The Best Blue Cards In Phyrexia: All Will Be One
Let Us Again Return To Phyrexia For More Horrors
And we’re back! On a Thursday, no less! I said this was a special event, didn’t I? Next week, starting Monday, we’ll be going over the remaining colors (and more) one article at a time, basically until the release of Phyrexia: All Will Be One. And since we’re doing WUBRG order for this, our next stop is the blue cards.
Let’s begin!
Experimental Augury
I love that proliferate is attached to so many cards as extra flavor.

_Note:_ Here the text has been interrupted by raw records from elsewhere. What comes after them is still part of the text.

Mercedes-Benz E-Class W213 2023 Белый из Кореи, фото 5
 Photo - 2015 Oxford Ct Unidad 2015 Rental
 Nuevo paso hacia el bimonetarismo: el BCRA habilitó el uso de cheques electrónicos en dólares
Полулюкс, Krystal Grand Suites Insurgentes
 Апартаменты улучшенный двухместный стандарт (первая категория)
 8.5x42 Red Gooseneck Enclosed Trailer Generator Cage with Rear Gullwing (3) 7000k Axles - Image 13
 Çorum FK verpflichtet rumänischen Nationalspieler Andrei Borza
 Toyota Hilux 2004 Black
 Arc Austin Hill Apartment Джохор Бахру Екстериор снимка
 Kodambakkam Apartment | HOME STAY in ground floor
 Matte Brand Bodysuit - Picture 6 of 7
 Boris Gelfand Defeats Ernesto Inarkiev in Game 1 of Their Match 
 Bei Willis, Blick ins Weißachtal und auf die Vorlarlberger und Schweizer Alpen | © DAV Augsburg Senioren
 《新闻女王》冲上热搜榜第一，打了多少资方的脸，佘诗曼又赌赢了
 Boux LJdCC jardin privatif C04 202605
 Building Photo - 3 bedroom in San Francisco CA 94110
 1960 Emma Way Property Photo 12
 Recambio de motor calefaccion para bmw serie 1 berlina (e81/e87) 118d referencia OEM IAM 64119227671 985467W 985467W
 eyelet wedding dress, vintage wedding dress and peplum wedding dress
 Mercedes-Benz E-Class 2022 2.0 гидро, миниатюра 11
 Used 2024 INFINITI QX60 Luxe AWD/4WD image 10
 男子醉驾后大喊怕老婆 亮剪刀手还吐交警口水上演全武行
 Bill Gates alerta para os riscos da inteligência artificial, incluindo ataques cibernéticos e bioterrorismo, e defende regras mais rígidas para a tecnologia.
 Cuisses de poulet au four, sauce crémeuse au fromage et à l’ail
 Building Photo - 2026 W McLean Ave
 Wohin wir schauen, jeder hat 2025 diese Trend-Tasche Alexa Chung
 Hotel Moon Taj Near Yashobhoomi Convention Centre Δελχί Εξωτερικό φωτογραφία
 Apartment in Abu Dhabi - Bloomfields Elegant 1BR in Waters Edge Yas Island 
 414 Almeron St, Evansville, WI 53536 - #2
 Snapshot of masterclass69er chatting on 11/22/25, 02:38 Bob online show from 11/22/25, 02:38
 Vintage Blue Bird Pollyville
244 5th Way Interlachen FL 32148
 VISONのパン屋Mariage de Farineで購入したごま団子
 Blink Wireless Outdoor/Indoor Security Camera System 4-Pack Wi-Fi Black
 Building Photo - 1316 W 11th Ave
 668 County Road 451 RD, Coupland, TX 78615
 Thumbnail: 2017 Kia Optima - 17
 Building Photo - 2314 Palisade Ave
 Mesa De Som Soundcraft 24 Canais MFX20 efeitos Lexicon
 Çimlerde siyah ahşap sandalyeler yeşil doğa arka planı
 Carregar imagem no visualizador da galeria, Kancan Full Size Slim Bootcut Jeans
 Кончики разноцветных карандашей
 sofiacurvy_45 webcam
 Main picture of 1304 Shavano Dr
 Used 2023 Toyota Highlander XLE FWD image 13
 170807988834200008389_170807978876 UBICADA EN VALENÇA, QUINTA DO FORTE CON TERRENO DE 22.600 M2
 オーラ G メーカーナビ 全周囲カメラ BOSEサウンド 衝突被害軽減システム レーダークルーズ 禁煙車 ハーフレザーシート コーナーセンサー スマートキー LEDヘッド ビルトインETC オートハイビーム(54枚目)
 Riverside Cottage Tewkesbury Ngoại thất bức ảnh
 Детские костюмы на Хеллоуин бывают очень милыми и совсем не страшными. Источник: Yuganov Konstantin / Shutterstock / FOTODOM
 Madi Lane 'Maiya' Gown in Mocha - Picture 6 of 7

I love it because it allows various strategies, including focusing on growing creatures, setting up the more powerful oil cards, or passively killing someone with poison to flourish. The card selection is also fine enough that it’s hard to mind casting it by itself in a pinch.
Jace, the Perfected Mind
Wow, four-mana Jace cards aren’t what they used to be. Phyrexia can’t top the Mind Sculptor. Still, this one has its uses. It draws you cards, slows down attacks, and can win a game if unchallenged. Proliferate being around helps make this card a lot better—especially because most players are going to pick the three-mana mode.
Mercurial Spelldancer
It’s a tempo creature with lots of little upsides. You can chip in for damage every turn and maybe double up a burn or poison spell. It’s nothing fancy, but Mono-Blue Tempo taught me to fear cards like this long ago.
Minor Misstep
Modern and Legacy love/hate this card, and it’ll likely see play in every format. Having a hard answer to other people’s brutal opening moves is really good.
Prologue to Phyresis
This card is part of a control deck I want to see. Simply “cycle” it on your opponent’s end step, then use proliferate to eventually kill them.
Reject Imperfection
Go read what I had to say about Experimental Augury again. I like that almost every new Magic set seems to have a three-mana counterspell with some gimmick attached.
Unctus, Grand Metatect
I’m honestly not sure how to use this card, but I’m excited to see what people come up with. It’s a ton of interesting abilities stabled onto a creature with a decent enough stat line. You can chew through a lot of your library if you plan for it, and it might be the backbone of some weird artifact aggro strategy.
And that’s the mono-blue cards! Of the core five, it’s probably the weakest color in Phyrexia: All Will Be One. Most of the interesting things are just utility stuff and proliferate enablers—but that’s still fun. Pulling off tricks at instant speed will never not appeal to me.